I never saw it before.

2.CH3-p18-Section 4.3 Asymptotic distribution of mu
Why do we discuss the asymptotic distribution of mu in particular?
What is the meaning of this step?
What will happen if mu is not a asymptotic distribution?

3.CH3-p31
Why does the first term in the integrating factor method disappear?
I don't know how to integrate the first term.It's strange.

4.CH4-p11
In Proof, why P[N_(t+s)=1|T_0=s]=P[N_(t+s)-N_s=0|T_0=s]?
I can understand that T_1 is the probability that 1 events occur between time 0 and time t+s.
Since T_0 is the probability that no events occur between time 0 and time s, doesn't it mean N_s=0?

 

[Andrew Martin]

Hi Ykai

1. the definition of an o(t) function is in the next paragraph of the notes.

2. Firstly it's worth remembering some of the notation. Mu is the true unknown transition rate, it is not random nor does it have a distribution. This section looks at the asymptotic distribution of mu with a tilde over the top, which is how we denote the estimator of mu. The estimator is a random variable and so has a distribution. We don't have a result for the exact distribution for a finite sample size but we do have the asymptotic distribution, which is derived in this section. So we can use this distribution to, for example, (approximately) construct confidence intervals and do hypothesis tests.
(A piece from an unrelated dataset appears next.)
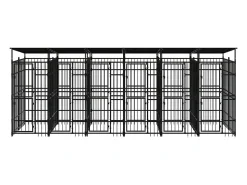 Canil/gaiola externa para animais de estimação com cobertura para cães aço 11,06 m² preto 02_0041733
3. I'm not sure exactly what step you're referring to but I going to guess it's the integration of (**). The first term here doesn't disappear so to speak. To check that the integration as stated works, the easiest thing to do is use the chain rule to do the differentiation (ie differentiate what we claim to be the integral of the LHS of (**)).

We have:

\( y e^{\int{P(x)} dx} \)

Using the chain rule, the derivative of this is:

\( dy/dx \) \( e^{\int{P(x)} dx} + y \frac{d}{dx} e^{\int{P(x)} dx}\)

This is:

\( dy/dx \) \( e^{\int{P(x)} dx} + y P(x) e^{\int{P(x)} dx}\)

As per the LHS of (**).

If you do the preceding steps of the integrating factor method correctly, the two terms on the LHS will always integrate to y * IF where y is the function of interested and IF is the integrating factor.

4. T0 is the amount of time spent in state 0 - alternatively it is the amount of time until the first event. P[N_(t+s)=1|T_0=s] is the probability that one event has happened up to time t+s given that the first event happened at time s. This means we can have no more events happen between times s and s +t. In other words N_(s) = N_(s+t) in this scenario and so the probability is the same as P[N_(t+s)-N_s=0|T_0=s].

Hope this helps!

Andy

 

[ykai]

Thank you for your respose.It cleared all my blindspot.